Insight into the light-induced spin crossover of [Fe(bpy)3]2+ in aqueous solution from molecular dynamics simulation of d–d excited states

Abstract

Molecular dynamics (MD) simulations are performed for d–d excited states of the aqueous [Fe(bpy)₃]²⁺ system using a previously developed model Hamiltonian. Specifically, the characters of d–d excited states and of transitions among these states are explored to gain clues about electronic relaxation during the photo-excited metal-to-ligand charge transfer (MLCT) to the lowest quintet d–d states. By evaluating the spin–orbit couplings in various nuclear configurations through MD simulations, strong mixing among low-lying d–d states with different spin multiplicities is found not to be expected in most of the sampled nuclear configurations except for surface crossing regions.

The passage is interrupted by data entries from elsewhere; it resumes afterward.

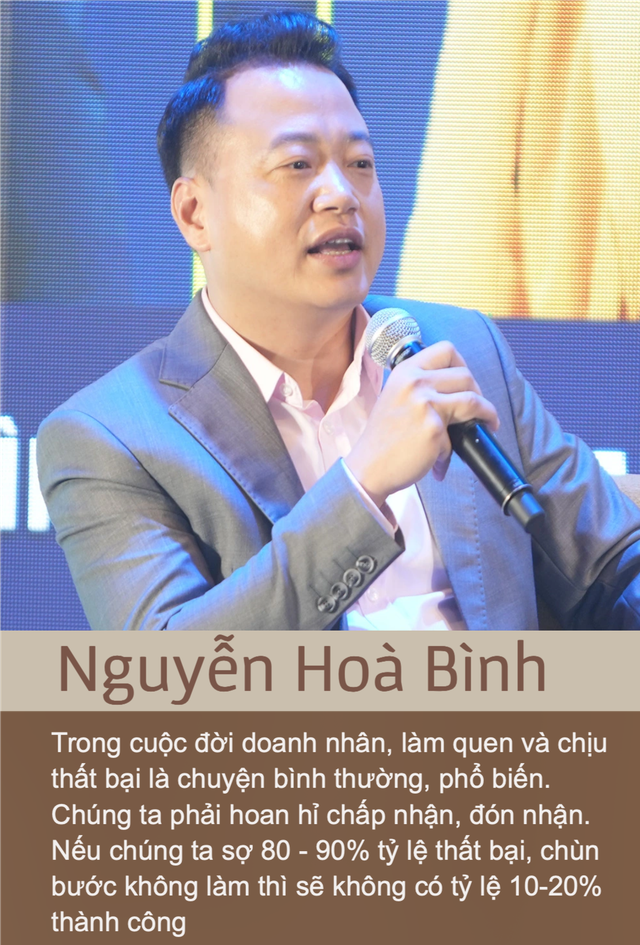 Shark Nguyễn Hoà Bình tâm sự 'khủng hoảng tuổi trung niên', bày tỏ 1 ĐIỀU mong muốn làm cho các doanh nhân trẻ- Ảnh 2.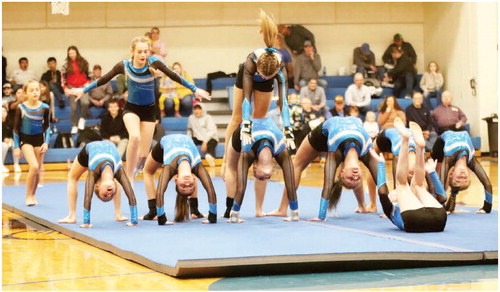 THE SCOBEY GYMNASTICS SHOW TEAM …. THE SCOBEY GYMNASTICS SHOW TEAM ….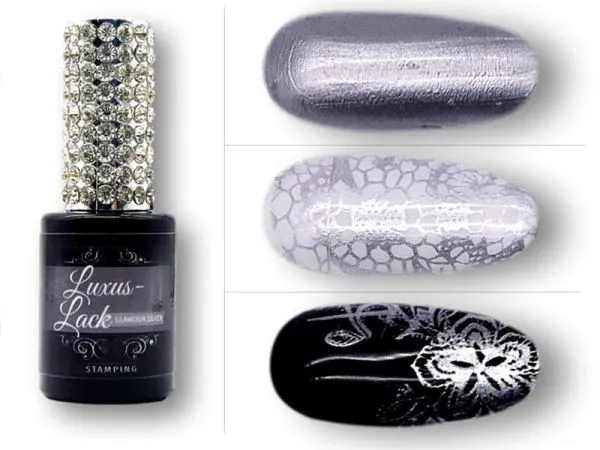 Luxus-Lack - Glamour Silver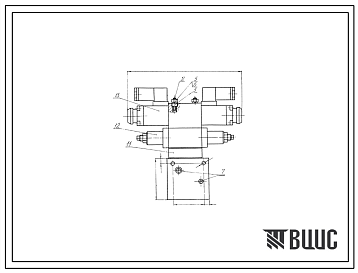 Шифр СВ-М-ИР200-03.00.000Б Блок поворотного стола СВ-М-ИР200-03.00.000Б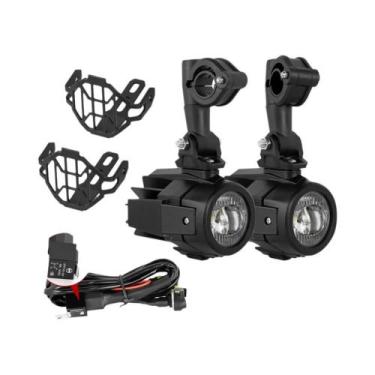 Imagem de Luzes De Neblina LED De 40W Para BMW R1200GS F800GS K1600, Lâmpadas De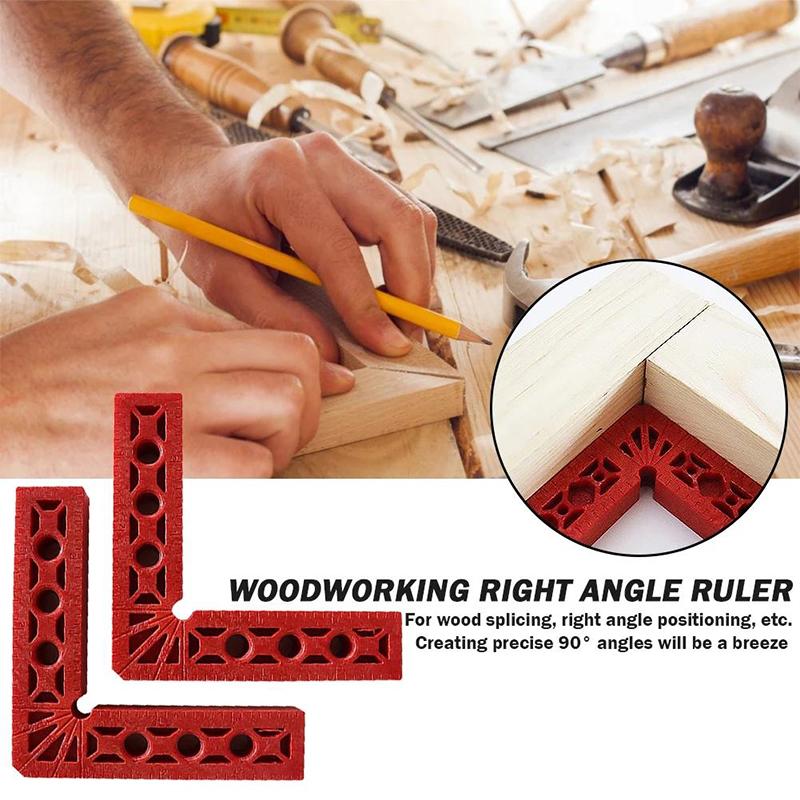 Wood processing Right-angled position holder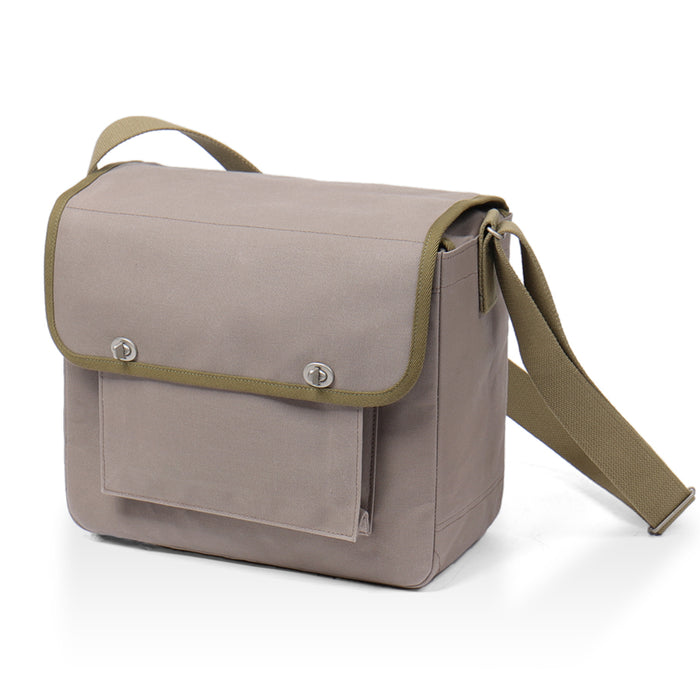 Gray × Olive-green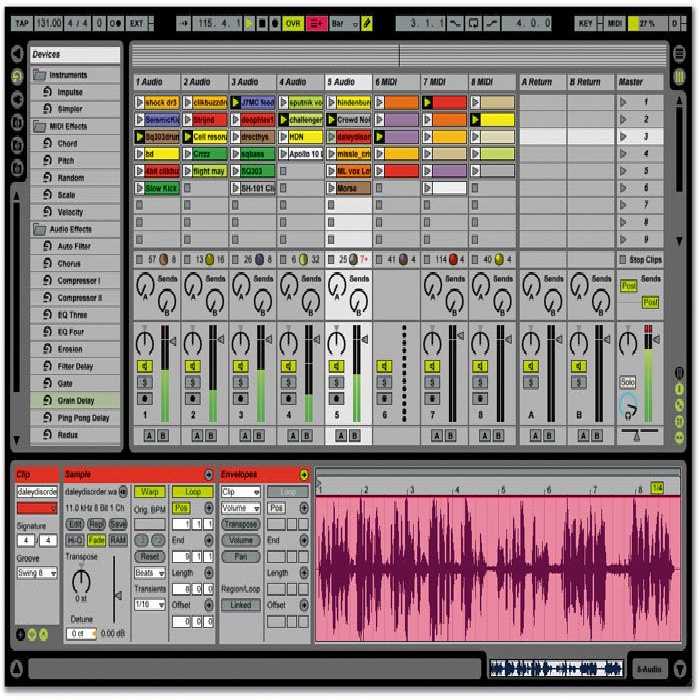 نرم افزار ویندوز Ableton Live 4.04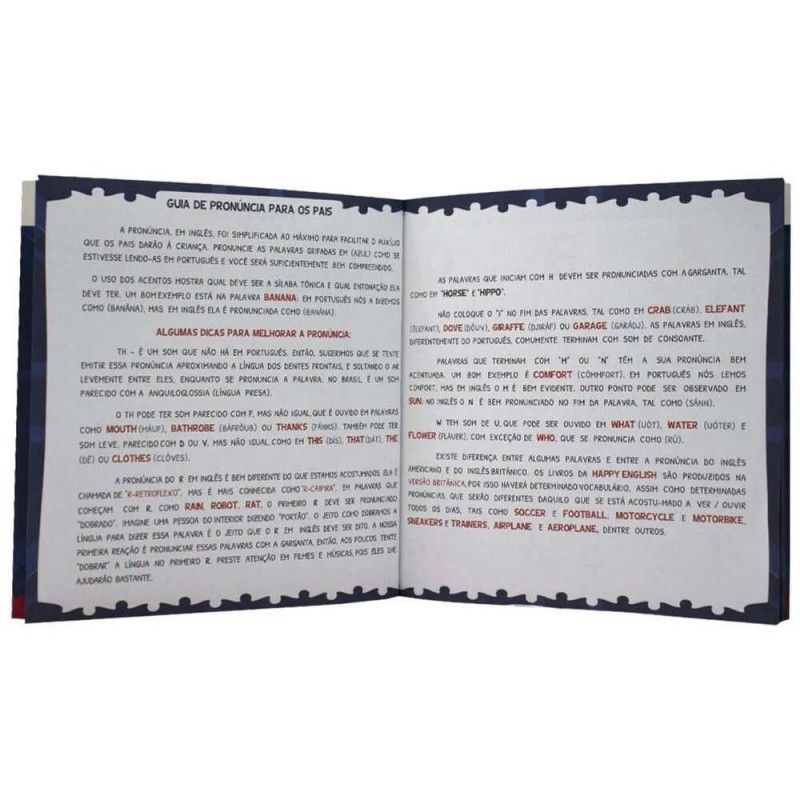HAPPY ENGLISH ALPHABET - REF. 310301 - 1 UNIDADE
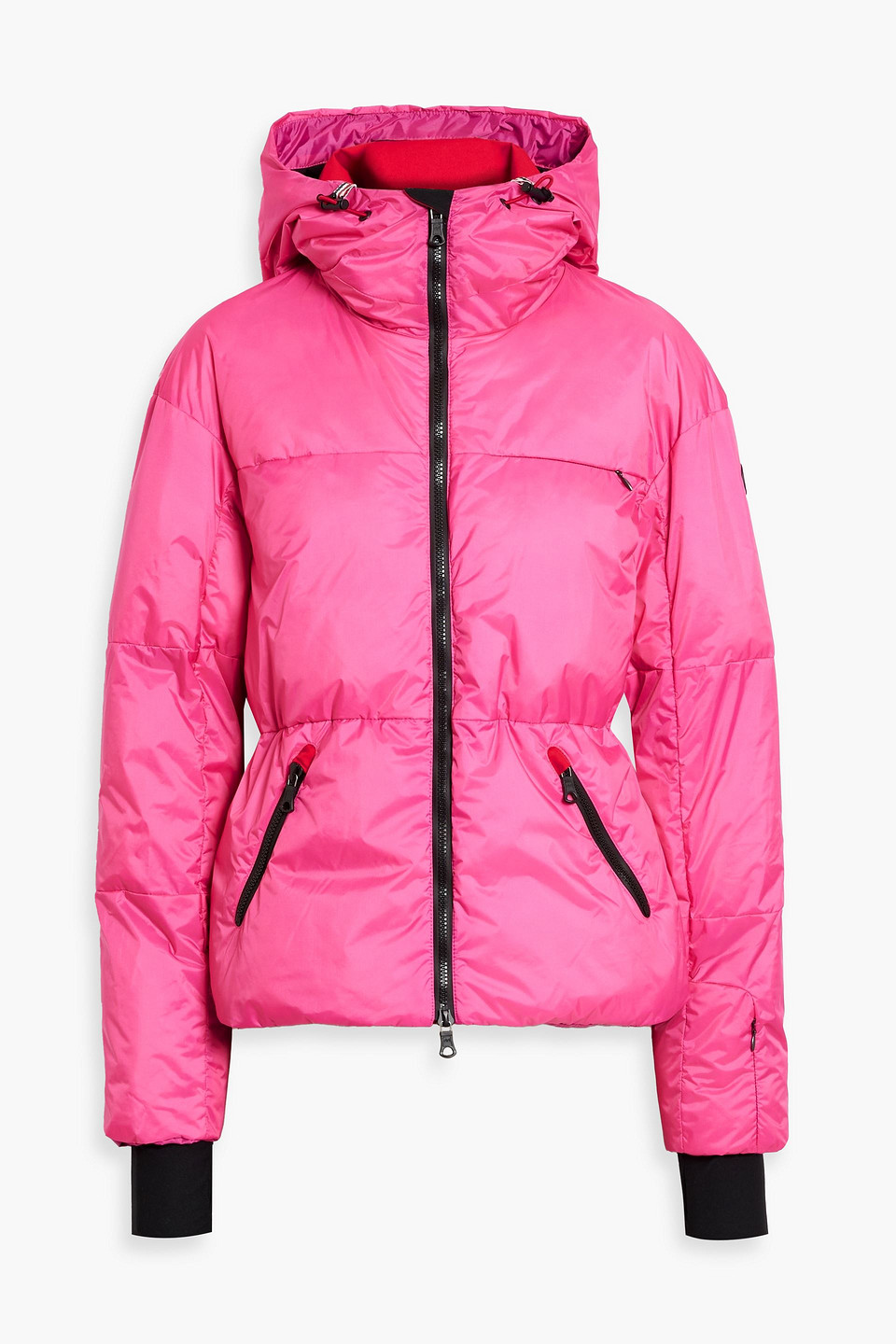 Erin Snow Ledo Quilted Shell Ski Jacket In Fuchsia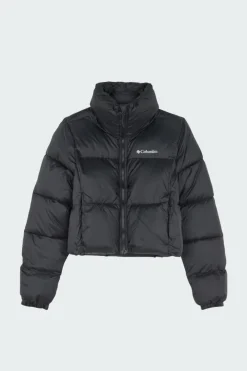 Puffect II Cropped - Doudoune | Noir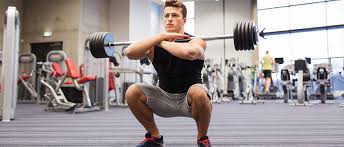 front squats into your workout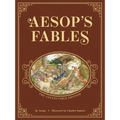Aesop's Fables: The Collectible Leather Edition: The Classic Edition by Acclaimed Illustrator, Charles Santore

The lifetimes of triplet d–d states are evaluated by Fermi's golden rule using equilibrium MD simulations. The internal conversion from upper-lying triplet to lower-lying triplet states is estimated to occur with a lifetime of order 100 fs accompanied by the distortion of the [Fe(bpy)₃]²⁺ complex structure. This result is consistent with the discussion in another computational study, which evaluated the intersystem crossing rates by Fermi's golden rule using electronic structure calculations. In contrast, the present MD simulations cannot provide a clear picture of intersystem crossings from the lowest triplet d–d state after the above-mentioned internal conversion. Based on this result, possible relaxation mechanisms are discussed.